TASK STATEMENT »
The copy has to match the data exactly and leave out every picture.

─── DATA SECTION

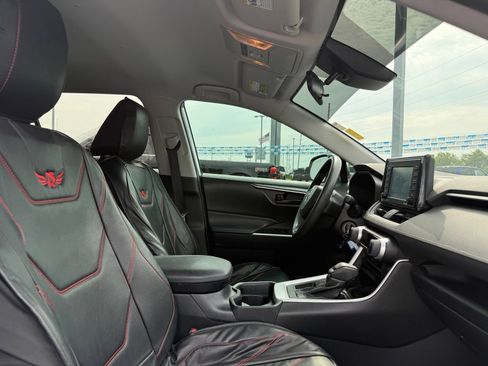Used 2020 Toyota RAV4 LE w/ Carpet Mat Package FWD image 6
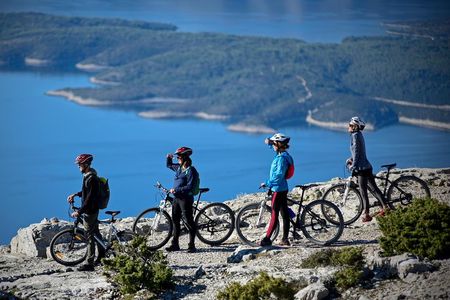 Biking Vidova - Skrip & museum of olive oil - Splitska - Postira
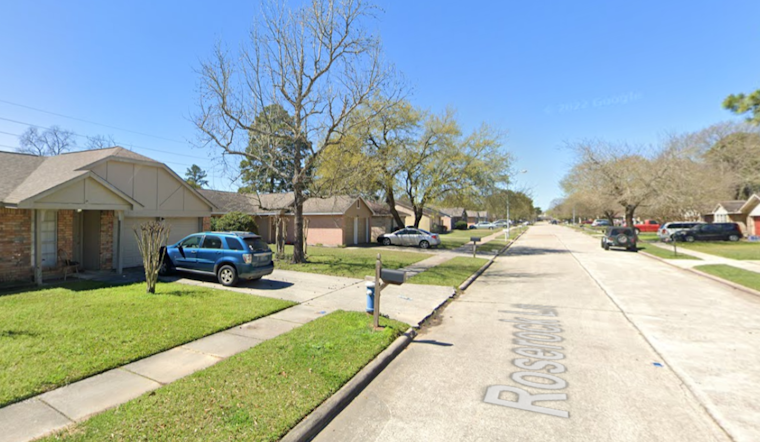 SWAT Team Responds to Barricaded Individual in North Harris County, Authorities Urge Public to Avoid Area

──────

TASK RESULT »
Used 2020 Toyota RAV4 LE w/ Carpet Mat Package FWD image 6
 Biking Vidova - Skrip & museum of olive oil - Splitska - Postira
 SWAT Team Responds to Barricaded Individual in North Harris County, Authorities Urge Public to Avoid Area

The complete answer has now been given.